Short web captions
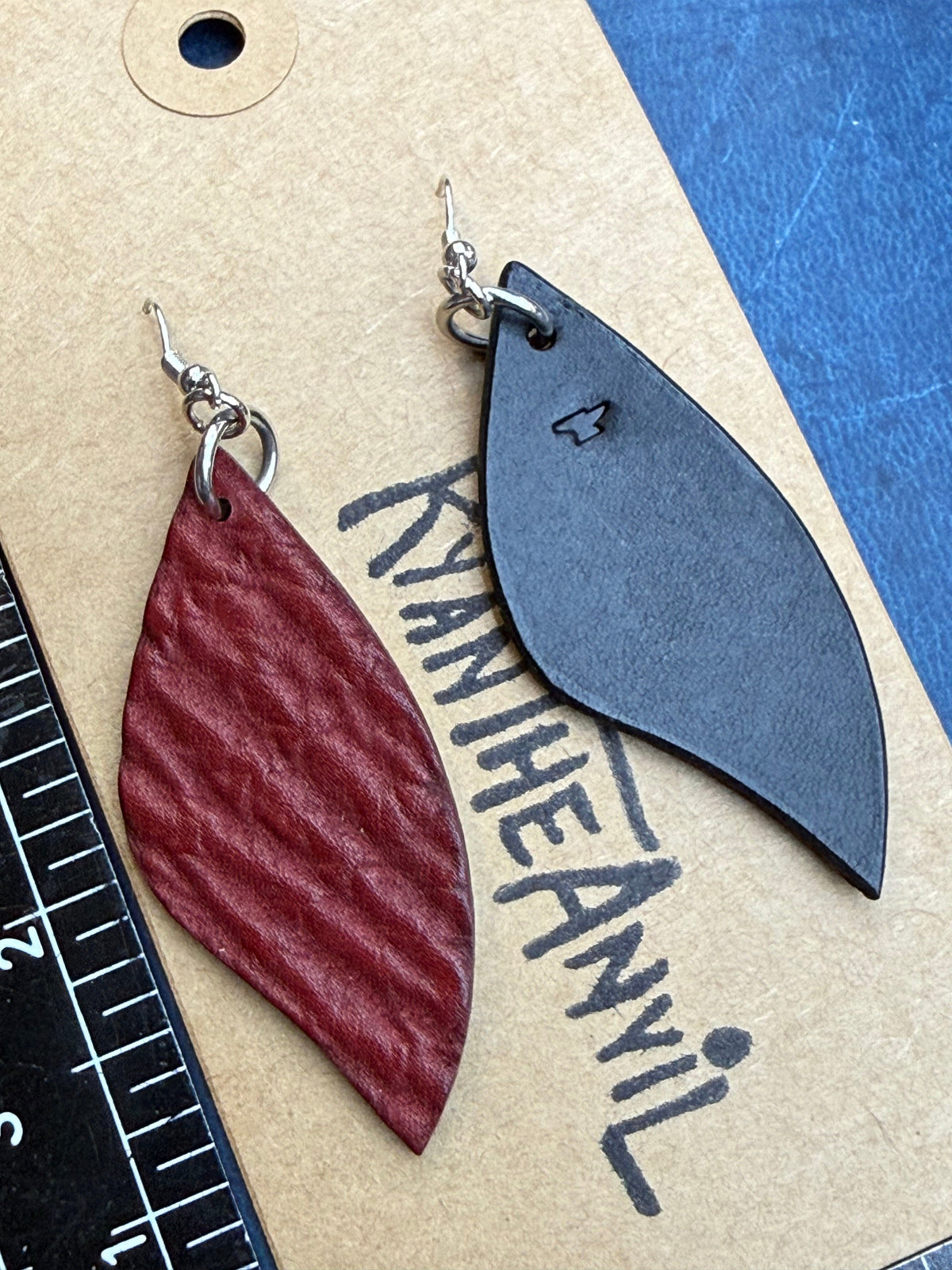 Exotic Leather Earrings: Red Shark Leaf Shaped - Anvil Customs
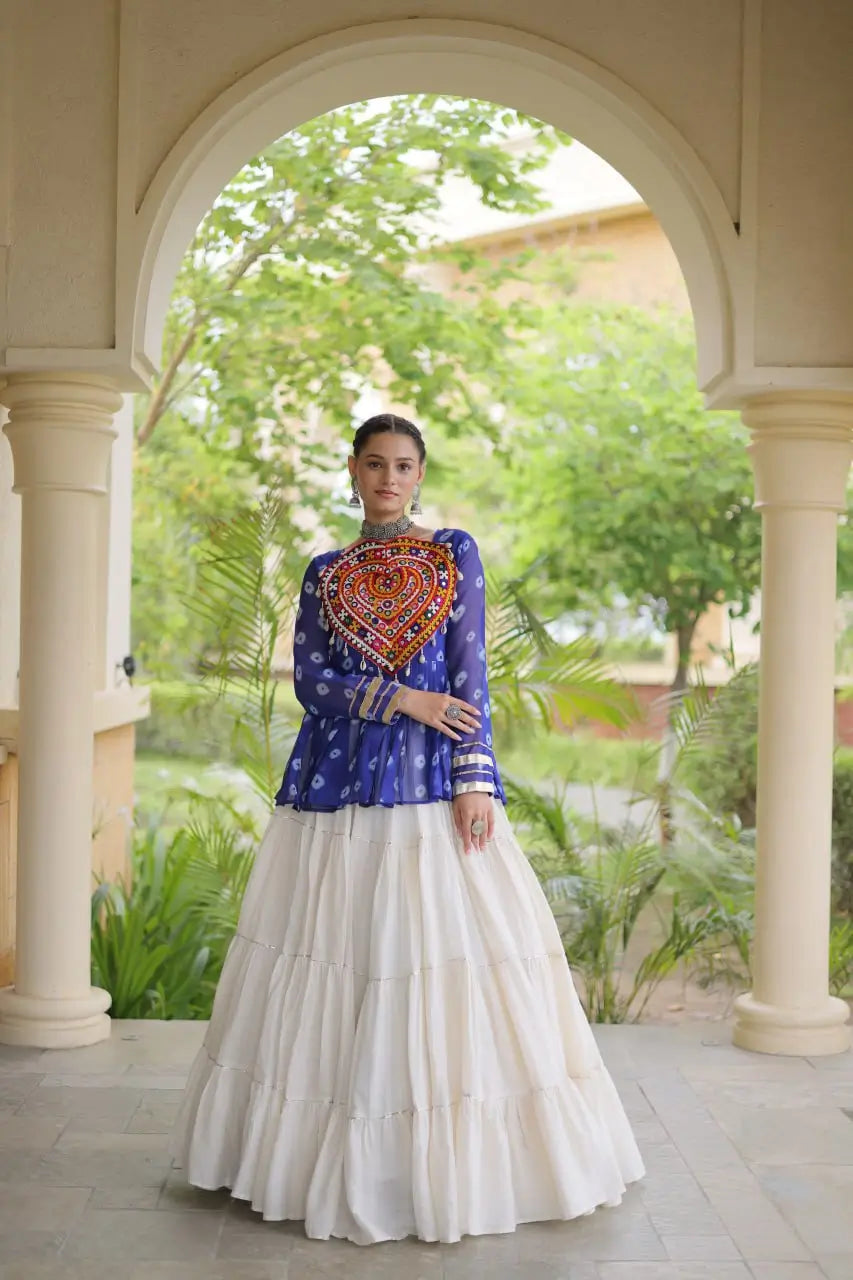 Bandhni Gamthi Peplum Lehenga Set
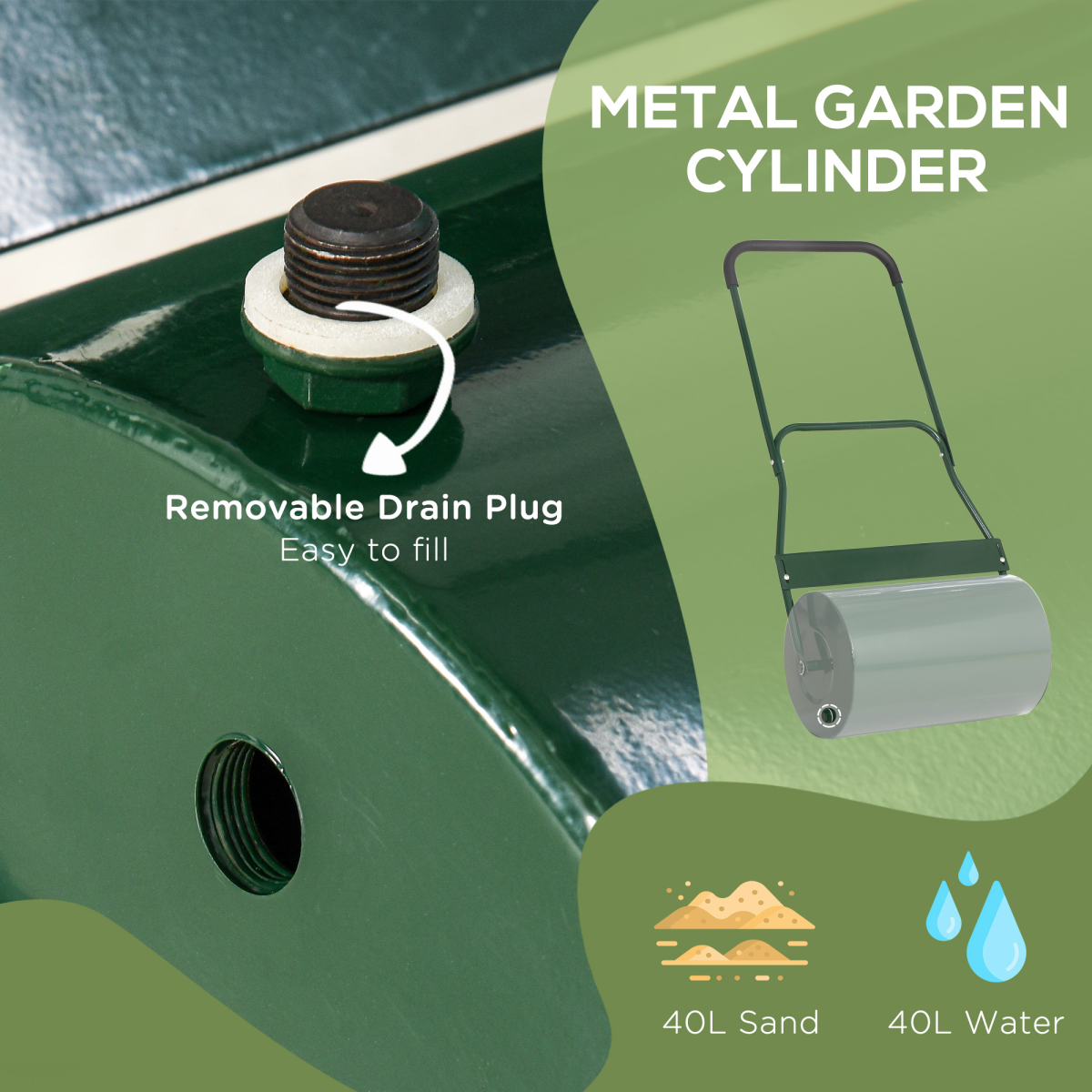 Steel Lawn Grass Roller 50L  cm-Green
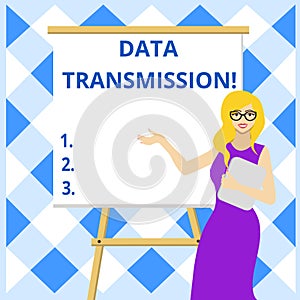 Conceptual hand writing showing Data Transmission. Business photo showcasing sending data electronically over a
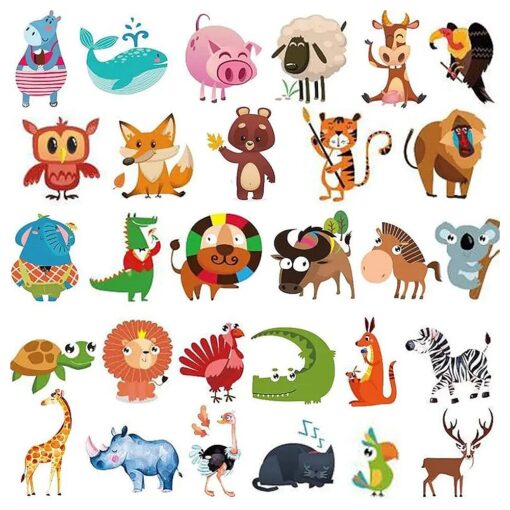 Ooopsiun Zoo Animals Temporary Tattoos for Kids- 100 Tattoos, Animals Birthday Party Decorations Supplies Favors for Kids Boys Girls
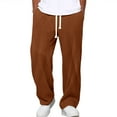thumbnail image 2 of Mens Corduroy Pants Lightweight Elastic Casual Waist Drawstring Pants Straight Baggy Pants with Pockets Brown XL, 2 of 6
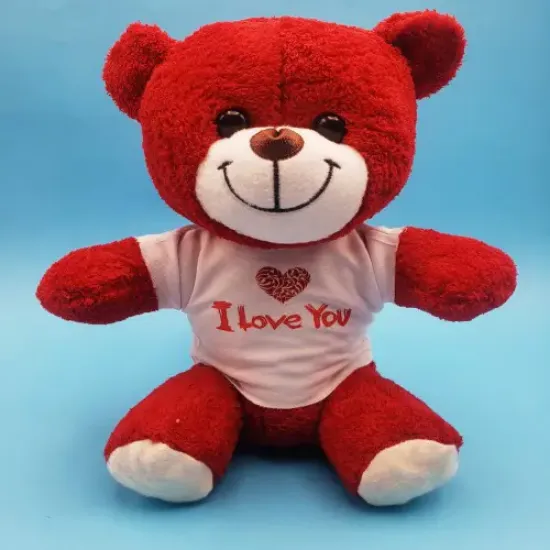 Kırmızı I Love You Tişörtlü Peluş Ayıcık resmi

* [Exercise brief]: Your task is to copy only the lines above starting at the one containing "Bandhni Gamthi Peplum Lehenga Set" and ending at the one containing "Ooopsiun Zoo Animals". Copy them exactly, both ends included, and omit the pictures.

* [Written reply]:
 Bandhni Gamthi Peplum Lehenga Set
 Steel Lawn Grass Roller 50L  cm-Green
 Conceptual hand writing showing Data Transmission. Business photo showcasing sending data electronically over a
 Ooopsiun Zoo Animals Temporary Tattoos for Kids- 100 Tattoos, Animals Birthday Party Decorations Supplies Favors for Kids Boys Girls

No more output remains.